The new change is introduced along with other economic stimulus packages that had been carried out by the government during the past six months. According to Tempo, the revisions to Indonesia's investment regulations would be launched soon as the government's 10th economic stimulus package. The packages also act as a strategy to thrive in the ASEAN Economic Community.
Traditionally, the biggest industries in Indonesia for centuries had ben agriculture and mineral. Indonesian authorities are pushing forward to drive industry and employment in various other sectors with the help of stimulus packages and regulations reforms they introduced.
With the loosening of restrictions on foreign investments, the government expected that Indonesia could receive more investments from overseas. The increasing foreign investment will, in turn, compensate for export performance that had suffered in result to the slowing down of China's economy. The Economic Times noted that cooling economic growth in China had negative impacts toward Indonesia as its trading partner. As Southeast Asia's biggest economy, Indonesia's economic growth has been growing at its slowest pace in six years.
In an interview with Bloomberg, Indonesian trade minister Tom Lembong implied that the revisions to foreign investment regulations were also meant to fix the investment climate in Indonesia. "We are opening up dan rationalizing our investment regime. It's a big push. We had fallen behind from where we should be." During the past few months, some big foreign companies such as Ford and Chevron had pulled themselves out of Indonesia. The government believe that the investment climate could improve if they are willing to thoughtfully reform counterproductive regulations and make some politic changes to support that.

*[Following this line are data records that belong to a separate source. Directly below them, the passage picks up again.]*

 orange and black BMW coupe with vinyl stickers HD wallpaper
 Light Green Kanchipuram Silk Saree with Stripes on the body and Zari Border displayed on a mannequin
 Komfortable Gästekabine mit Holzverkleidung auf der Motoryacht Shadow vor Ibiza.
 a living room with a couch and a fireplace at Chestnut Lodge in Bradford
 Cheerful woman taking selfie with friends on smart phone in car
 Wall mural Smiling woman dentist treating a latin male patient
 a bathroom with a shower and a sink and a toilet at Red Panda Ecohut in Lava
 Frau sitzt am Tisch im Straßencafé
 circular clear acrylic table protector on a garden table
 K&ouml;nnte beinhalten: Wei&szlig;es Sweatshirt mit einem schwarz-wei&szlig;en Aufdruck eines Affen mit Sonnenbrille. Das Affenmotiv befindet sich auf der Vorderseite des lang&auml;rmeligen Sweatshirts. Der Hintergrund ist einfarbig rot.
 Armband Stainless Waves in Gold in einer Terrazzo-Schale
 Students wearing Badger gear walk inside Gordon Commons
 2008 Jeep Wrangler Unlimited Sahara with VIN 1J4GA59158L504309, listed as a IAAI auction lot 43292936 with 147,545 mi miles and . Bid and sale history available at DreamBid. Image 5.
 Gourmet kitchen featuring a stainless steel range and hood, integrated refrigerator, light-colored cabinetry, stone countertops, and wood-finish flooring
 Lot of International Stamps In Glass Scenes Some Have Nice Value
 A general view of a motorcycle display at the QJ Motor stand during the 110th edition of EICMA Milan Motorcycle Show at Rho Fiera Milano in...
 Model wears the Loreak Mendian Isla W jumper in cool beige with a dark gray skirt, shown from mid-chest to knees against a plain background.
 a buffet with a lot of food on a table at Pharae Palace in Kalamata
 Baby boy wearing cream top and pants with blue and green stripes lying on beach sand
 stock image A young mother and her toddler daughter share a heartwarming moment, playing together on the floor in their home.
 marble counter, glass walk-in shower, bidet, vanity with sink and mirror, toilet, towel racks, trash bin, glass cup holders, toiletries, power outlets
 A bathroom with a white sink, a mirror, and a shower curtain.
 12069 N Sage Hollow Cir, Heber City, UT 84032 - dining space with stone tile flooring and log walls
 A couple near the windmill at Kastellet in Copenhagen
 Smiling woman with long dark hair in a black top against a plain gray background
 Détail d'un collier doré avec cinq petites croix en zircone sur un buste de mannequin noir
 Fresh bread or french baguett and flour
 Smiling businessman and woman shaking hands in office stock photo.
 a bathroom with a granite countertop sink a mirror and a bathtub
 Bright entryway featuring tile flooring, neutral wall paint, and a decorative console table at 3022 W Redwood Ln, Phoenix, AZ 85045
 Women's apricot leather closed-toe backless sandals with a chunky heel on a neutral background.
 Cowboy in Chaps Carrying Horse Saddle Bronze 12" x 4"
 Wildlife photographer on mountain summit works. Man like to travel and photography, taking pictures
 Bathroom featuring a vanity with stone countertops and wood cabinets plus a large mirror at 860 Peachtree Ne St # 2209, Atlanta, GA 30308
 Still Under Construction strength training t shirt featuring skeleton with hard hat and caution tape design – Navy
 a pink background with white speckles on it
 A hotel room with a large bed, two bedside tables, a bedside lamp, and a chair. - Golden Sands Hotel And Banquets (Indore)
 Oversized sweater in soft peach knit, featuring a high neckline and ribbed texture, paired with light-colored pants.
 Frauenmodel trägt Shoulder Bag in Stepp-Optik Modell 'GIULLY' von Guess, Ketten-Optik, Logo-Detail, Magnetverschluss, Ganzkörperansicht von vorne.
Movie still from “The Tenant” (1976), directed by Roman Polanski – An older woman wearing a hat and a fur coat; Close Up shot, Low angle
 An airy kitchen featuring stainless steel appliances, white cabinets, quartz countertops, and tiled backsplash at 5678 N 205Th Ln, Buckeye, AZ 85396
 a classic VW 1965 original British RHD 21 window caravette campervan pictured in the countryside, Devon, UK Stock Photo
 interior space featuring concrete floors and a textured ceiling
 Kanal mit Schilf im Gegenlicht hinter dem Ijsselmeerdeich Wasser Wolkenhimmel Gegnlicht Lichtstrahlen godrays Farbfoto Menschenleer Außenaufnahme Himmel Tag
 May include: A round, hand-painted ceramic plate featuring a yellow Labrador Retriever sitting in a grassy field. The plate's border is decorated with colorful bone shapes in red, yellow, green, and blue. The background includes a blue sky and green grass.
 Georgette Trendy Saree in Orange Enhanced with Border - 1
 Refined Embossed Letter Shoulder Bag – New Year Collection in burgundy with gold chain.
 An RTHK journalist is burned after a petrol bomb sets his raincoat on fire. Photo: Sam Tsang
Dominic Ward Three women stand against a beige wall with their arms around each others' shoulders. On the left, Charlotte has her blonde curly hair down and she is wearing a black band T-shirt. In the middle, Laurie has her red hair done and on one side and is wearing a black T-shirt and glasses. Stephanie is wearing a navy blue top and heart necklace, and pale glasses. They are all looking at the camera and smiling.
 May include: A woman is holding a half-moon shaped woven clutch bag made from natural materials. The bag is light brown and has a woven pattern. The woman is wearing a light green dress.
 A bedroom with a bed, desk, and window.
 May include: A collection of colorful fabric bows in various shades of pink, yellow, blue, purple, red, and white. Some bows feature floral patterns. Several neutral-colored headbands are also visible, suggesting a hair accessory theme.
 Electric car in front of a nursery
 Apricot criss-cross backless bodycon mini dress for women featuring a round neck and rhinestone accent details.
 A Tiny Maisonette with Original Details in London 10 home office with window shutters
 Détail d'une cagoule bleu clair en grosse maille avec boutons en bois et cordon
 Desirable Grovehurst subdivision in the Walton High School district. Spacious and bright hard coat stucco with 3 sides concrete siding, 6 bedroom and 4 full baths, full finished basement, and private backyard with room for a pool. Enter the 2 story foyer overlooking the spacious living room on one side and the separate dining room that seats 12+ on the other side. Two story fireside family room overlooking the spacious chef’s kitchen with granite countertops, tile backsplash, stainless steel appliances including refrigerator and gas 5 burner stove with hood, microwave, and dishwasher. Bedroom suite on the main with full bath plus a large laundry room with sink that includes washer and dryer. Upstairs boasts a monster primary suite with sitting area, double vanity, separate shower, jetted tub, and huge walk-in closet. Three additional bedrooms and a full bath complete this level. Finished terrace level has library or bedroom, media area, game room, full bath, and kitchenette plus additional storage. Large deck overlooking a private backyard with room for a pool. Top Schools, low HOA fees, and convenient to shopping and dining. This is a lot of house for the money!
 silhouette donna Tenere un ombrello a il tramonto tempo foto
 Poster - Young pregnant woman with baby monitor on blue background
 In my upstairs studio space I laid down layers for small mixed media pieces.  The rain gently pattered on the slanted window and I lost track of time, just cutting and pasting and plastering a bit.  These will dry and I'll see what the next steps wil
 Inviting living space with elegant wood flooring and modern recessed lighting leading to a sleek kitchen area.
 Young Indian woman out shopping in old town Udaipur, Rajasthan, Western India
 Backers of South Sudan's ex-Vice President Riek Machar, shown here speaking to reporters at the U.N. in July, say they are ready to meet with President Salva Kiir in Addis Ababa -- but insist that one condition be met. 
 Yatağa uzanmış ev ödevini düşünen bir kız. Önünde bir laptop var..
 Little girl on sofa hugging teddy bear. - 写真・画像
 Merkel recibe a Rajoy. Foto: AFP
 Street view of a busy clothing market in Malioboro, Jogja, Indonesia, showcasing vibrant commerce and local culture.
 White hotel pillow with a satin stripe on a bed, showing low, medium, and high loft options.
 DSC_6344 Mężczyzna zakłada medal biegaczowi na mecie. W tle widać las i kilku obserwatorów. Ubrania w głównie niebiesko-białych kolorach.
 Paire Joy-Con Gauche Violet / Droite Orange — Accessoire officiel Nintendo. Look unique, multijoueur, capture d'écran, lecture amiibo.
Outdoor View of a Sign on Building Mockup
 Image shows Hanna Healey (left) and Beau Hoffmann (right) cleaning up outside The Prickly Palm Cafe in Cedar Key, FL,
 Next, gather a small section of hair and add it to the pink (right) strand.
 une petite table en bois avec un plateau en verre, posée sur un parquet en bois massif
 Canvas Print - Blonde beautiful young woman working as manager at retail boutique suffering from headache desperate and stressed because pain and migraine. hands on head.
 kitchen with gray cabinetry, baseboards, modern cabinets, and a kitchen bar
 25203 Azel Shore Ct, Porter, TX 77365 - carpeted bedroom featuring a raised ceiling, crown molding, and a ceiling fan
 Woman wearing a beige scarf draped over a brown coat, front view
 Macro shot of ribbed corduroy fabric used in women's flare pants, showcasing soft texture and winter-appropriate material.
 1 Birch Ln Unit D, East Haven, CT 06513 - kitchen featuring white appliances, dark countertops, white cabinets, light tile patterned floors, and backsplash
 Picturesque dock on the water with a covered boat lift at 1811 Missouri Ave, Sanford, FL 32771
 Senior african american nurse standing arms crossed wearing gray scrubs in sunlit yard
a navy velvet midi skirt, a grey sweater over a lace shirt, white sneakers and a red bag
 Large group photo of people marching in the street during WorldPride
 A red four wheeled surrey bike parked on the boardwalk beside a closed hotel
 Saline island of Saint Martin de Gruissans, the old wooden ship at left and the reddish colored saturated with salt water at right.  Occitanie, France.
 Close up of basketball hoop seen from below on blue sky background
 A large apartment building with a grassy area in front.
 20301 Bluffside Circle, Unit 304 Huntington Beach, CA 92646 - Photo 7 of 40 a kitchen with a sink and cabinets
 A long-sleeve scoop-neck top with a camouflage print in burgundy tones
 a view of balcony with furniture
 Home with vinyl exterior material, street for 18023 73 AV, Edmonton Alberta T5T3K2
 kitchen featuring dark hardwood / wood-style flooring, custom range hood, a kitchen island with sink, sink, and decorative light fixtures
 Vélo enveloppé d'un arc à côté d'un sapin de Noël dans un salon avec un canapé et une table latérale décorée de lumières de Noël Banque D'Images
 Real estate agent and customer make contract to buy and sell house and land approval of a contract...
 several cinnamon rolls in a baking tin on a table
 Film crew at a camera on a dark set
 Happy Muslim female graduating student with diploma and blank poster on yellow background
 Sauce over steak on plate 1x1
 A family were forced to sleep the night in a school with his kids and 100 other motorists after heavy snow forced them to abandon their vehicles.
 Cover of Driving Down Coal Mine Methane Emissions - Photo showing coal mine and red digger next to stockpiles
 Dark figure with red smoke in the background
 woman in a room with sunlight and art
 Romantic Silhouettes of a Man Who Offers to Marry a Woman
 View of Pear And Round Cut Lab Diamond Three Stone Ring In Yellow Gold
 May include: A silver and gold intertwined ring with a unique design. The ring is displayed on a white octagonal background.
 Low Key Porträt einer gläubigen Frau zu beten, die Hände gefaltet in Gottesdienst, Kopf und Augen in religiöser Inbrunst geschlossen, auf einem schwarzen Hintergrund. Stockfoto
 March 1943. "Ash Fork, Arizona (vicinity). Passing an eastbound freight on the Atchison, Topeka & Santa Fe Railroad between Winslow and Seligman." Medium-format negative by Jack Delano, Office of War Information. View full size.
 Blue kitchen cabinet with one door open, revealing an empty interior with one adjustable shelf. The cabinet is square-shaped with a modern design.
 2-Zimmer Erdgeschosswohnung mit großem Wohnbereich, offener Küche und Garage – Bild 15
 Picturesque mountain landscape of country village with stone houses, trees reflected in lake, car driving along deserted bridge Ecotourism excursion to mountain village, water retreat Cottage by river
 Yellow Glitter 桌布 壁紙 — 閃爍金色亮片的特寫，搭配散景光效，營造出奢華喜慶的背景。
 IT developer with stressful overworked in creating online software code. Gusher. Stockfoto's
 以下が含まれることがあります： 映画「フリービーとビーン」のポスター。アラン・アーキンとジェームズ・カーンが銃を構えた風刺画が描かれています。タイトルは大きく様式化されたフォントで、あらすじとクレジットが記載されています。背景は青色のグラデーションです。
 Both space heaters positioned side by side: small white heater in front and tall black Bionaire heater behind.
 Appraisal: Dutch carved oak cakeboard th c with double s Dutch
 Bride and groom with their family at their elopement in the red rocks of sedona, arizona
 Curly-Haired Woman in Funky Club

President Joko Widodo, along with other Indonesian authorities, were to further discuss and update the investment list. The list would determine which sectors would be open to foreign investments. The final changes are to be announced after a decision is formed.
The trade minister expects that Indonesia's economic growth would go at a faster pace at 5.2 percent this year. The reforms and revisions regarding foreign investments sectors are also expected to give a boost to the economic growth and compensate for weaker export performance.